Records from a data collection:
__________________________________________________
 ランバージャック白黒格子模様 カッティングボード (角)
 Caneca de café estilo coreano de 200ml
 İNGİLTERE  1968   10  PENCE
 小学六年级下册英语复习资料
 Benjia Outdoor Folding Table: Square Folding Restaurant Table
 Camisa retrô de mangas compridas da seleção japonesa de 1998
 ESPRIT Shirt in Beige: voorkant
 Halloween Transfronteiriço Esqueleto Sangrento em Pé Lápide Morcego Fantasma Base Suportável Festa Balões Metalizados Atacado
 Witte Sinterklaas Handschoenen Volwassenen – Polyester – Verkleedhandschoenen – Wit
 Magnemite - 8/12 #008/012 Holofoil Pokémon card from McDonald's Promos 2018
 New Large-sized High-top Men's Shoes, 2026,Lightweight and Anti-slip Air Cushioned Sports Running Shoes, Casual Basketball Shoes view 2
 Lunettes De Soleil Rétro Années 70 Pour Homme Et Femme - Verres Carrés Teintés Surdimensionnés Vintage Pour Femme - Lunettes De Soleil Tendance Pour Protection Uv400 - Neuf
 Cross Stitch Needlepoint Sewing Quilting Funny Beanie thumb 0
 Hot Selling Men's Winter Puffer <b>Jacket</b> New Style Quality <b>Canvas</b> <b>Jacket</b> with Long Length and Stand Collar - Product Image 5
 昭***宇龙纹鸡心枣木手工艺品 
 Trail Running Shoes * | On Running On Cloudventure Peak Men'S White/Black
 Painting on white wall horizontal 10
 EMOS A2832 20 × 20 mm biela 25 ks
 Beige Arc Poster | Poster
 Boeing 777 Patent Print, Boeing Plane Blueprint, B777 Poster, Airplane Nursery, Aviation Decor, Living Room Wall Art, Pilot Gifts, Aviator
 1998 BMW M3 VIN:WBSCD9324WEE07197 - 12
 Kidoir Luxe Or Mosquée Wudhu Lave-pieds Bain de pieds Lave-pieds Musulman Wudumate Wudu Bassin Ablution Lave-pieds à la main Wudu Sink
__________________________________________________
What is expected:
Repeat each line of the data above, exactly as it appears, from the first through the line that contains "ESPRIT Shirt in Beige: voorkant".

Finished task:
 ランバージャック白黒格子模様 カッティングボード (角)
 Caneca de café estilo coreano de 200ml
 İNGİLTERE  1968   10  PENCE
 小学六年级下册英语复习资料
 Benjia Outdoor Folding Table: Square Folding Restaurant Table
 Camisa retrô de mangas compridas da seleção japonesa de 1998
 ESPRIT Shirt in Beige: voorkant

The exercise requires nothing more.